#### Material provided:
_ _ _ _ _ _ _

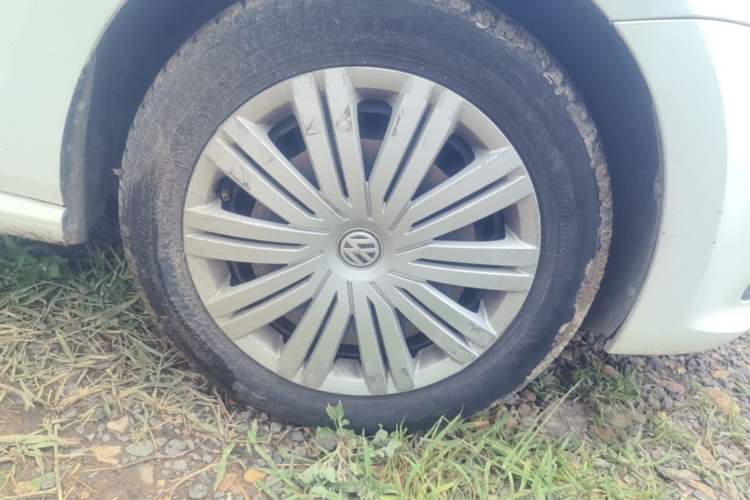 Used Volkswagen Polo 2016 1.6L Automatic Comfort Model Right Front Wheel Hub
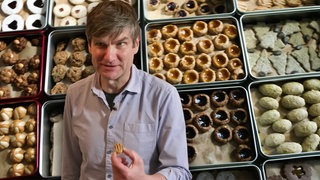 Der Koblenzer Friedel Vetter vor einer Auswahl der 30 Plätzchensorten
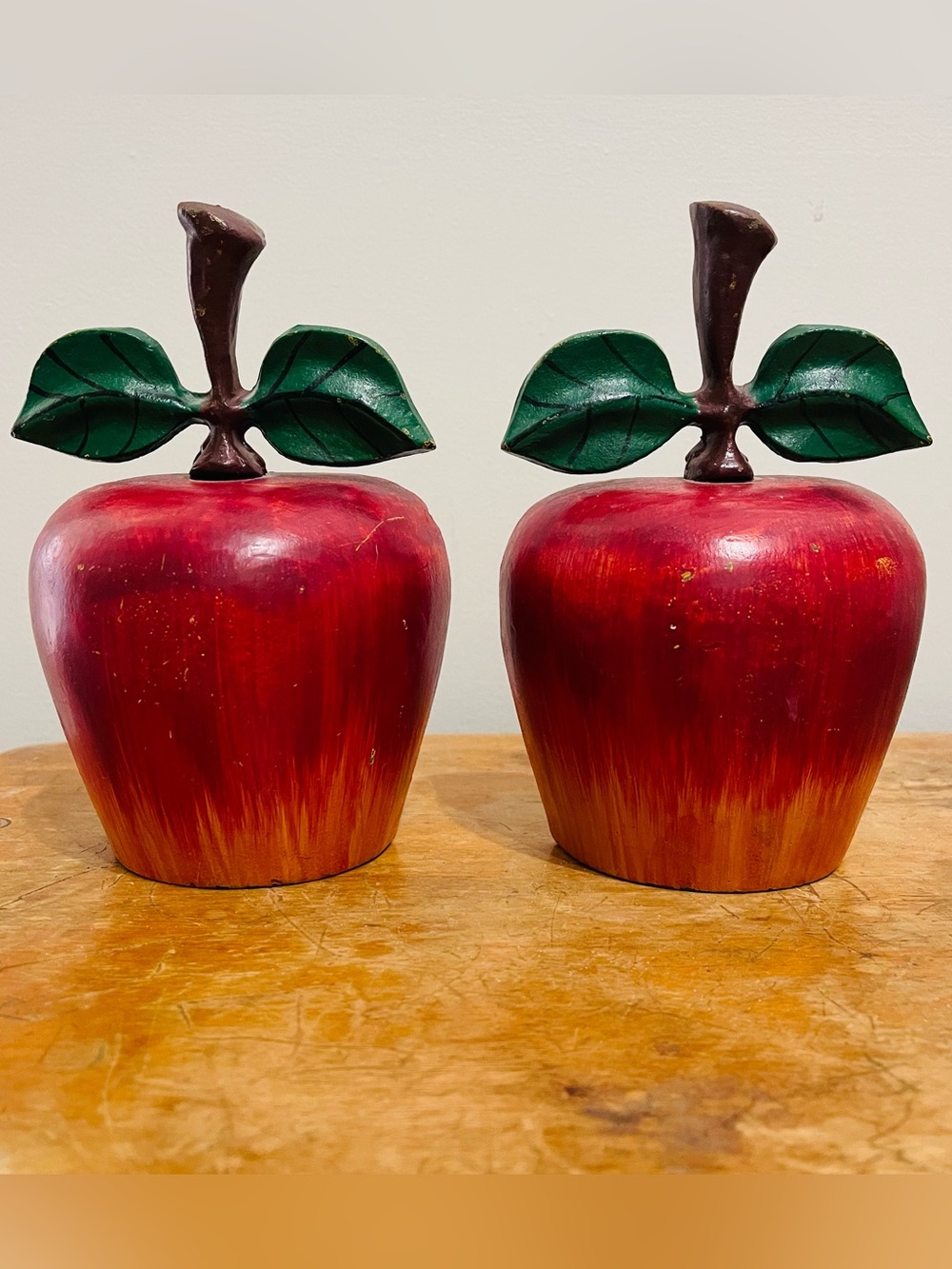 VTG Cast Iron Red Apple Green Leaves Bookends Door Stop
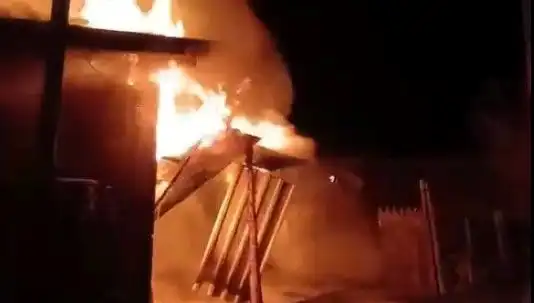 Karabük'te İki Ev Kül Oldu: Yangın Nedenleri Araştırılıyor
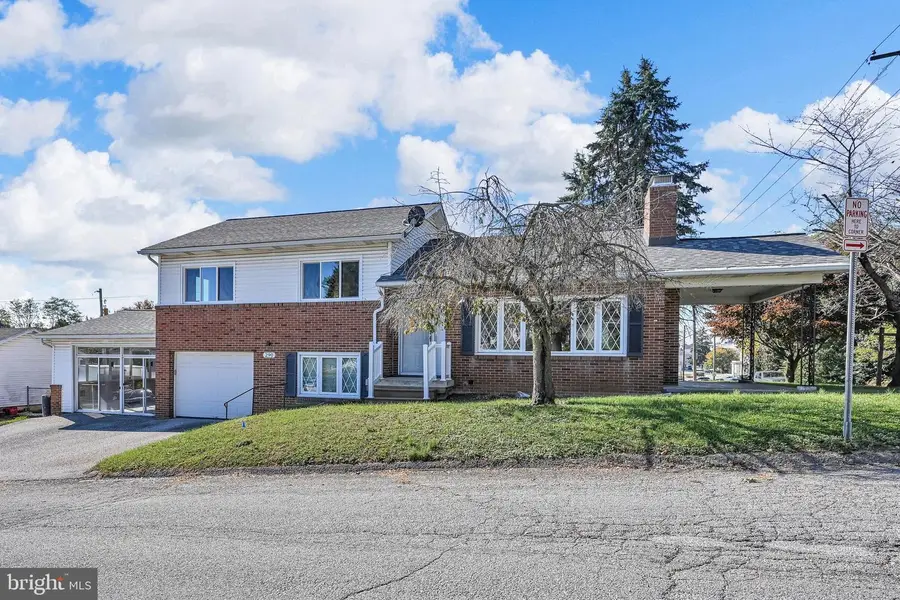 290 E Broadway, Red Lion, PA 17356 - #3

_ _ _ _ _ _ _

#### What to work on:
Hand back exactly the lines from the one with "VTG Cast Iron" through the last line of the data above, both ends included, with every picture left out.

#### Response to this exercise:
 VTG Cast Iron Red Apple Green Leaves Bookends Door Stop
 Karabük'te İki Ev Kül Oldu: Yangın Nedenleri Araştırılıyor
 290 E Broadway, Red Lion, PA 17356 - #3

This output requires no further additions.